In addition, this budget plan again dips into the city’s reserve fund, using $10.6 million to balance the budget.

The amount is less than the $15 million in reserves used last year, and is in keeping with the city’s four-year plan, Brown said.

“This leaves a significant unassigned fund balance,” he said.

The city is expected to end its current fiscal year – on June 30 – with a $4 million surplus, Brown said. With that surplus, the city’s fund balance for the 2016-17 fiscal year will be $37 million, he said.

The city also has a $37 million rainy-day fund that the budget does not tap into, he said.

Brown has frozen or cut property tax rates every year since becoming mayor in 2006. In addition, this budget would be his fifth consecutive one that freezes property assessments as well as the tax rate.

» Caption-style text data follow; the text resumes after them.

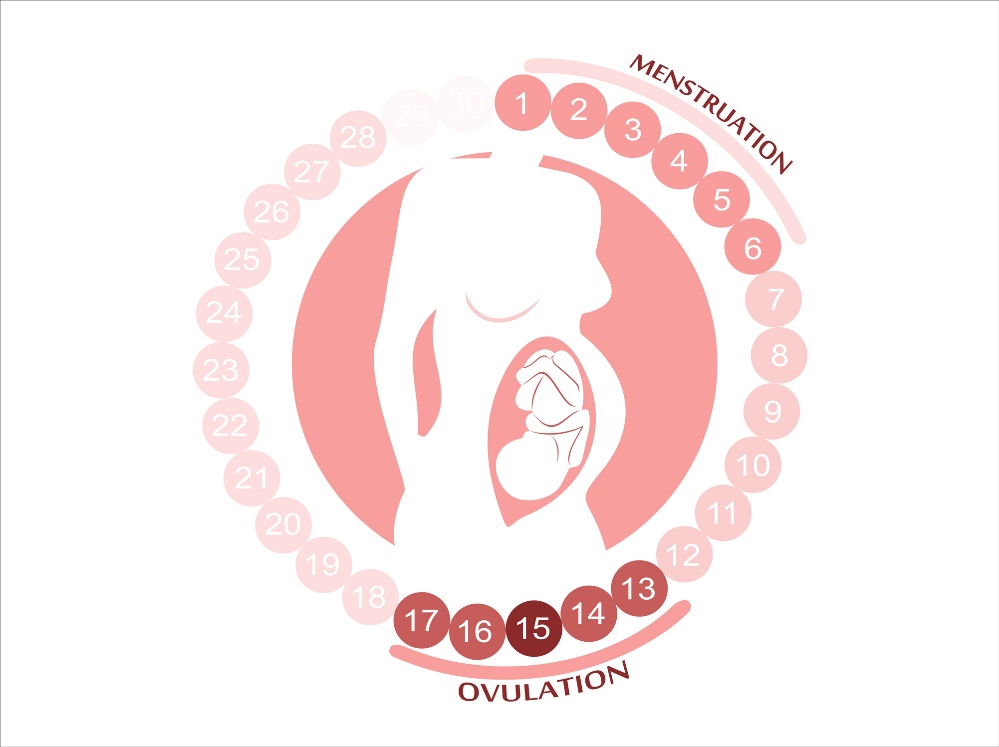 Le cycle féminin : menstruation, ovulation et périodes fertiles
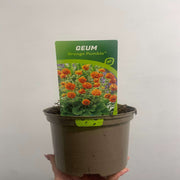 Geum 'Orange Pumpkin' 2L -
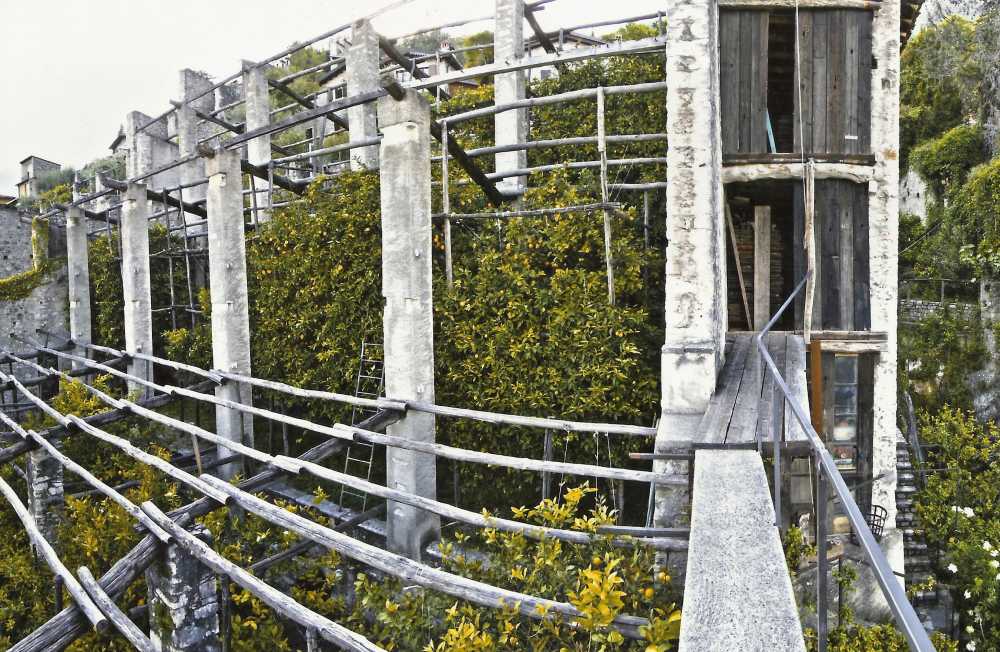 Recupero di serre da alti pilastri in pietra e assi di legno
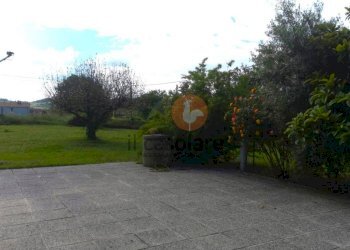 Terreno - Villa strada di Carpaneto, Pesaro - photo 34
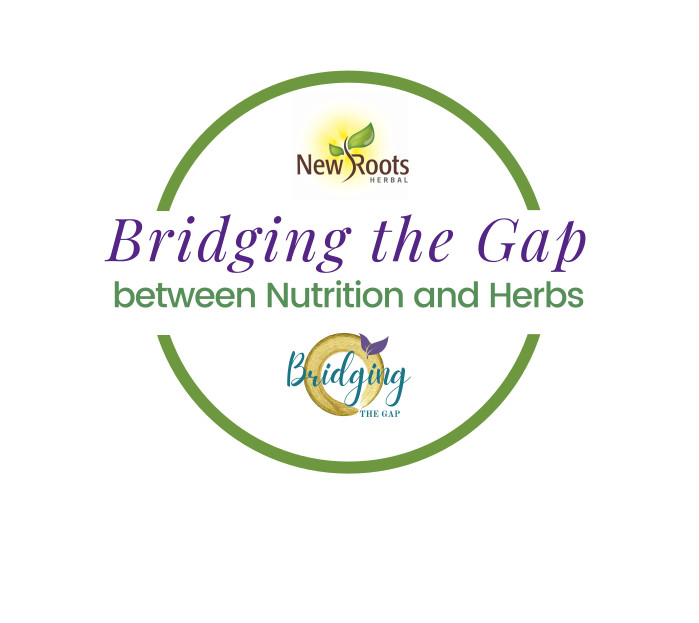  Review of Bridging the Gap's 6 week CPD Course - Between Nutrition and Herbs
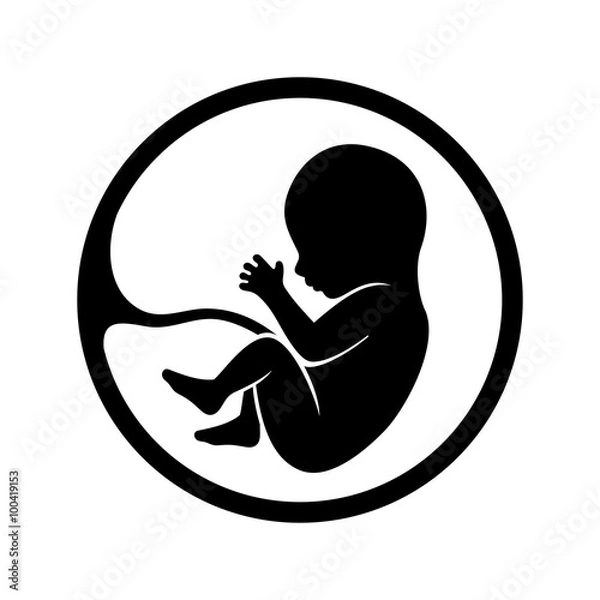 Fototapeta Fetus Icon Isolated on White Background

The proposed budget does, however, increase the city’s rental registration fee for one- and two-family property to $20 and $40, from the current $10 and $20.

The fee is expected to raise an additional $500,000, with $250,000 going toward a program to address lead issues. Brown said further details on the program are expected to be made public next week.

The spending plan also phases in the $15-an-hour minimum wage for all city workers that Brown earlier this year promised would be in his budget.

Currently, the lowest-paid city employees, including seasonal workers, earn $13.06 an hour. Upon adoption of this budget, their hourly pay increases to $13.37 and will hit $15 an hour by 2021.

The mayor’s budget plan also addresses:

Minority business and employment. The budget includes $500,000 to support the Beverly Gray Business Exchange Center on East Utica Street, which offers support to minority and women-owned businesses. The budget also has $75,000 to hire a consultant to strengthen the city’s minority and women business participation programs; and $50,000 to support the Racial Equity Roundtable, a group working to improve racial equity throughout the community.

Youth and education. Money is budgeted for a tutoring program that encourages senior citizens to help young students; and for a school attendance incentive program. The program rewards good school attendance with computer tablets and gift cards. Funds also are included to support Buffalo’s Say Yes to Education program.

The budget also increases funding to the Police Athletic League for youth activities, and increases by 100 – to 1,500 – the number of young people accepted in the Mayor’s Summer Youth Employment program.

Parks and recreation. The budget includes an additional $250,000 to fund utilities at 12 city community centers. As a result, the city will pay utilities at all its community centers. It also increases funding for Olmsted and other city parks by nearly $500,000.

“Parks are important to our quality of life,” Brown said. “We are seeing significantly more users in our parks from across the city and region.”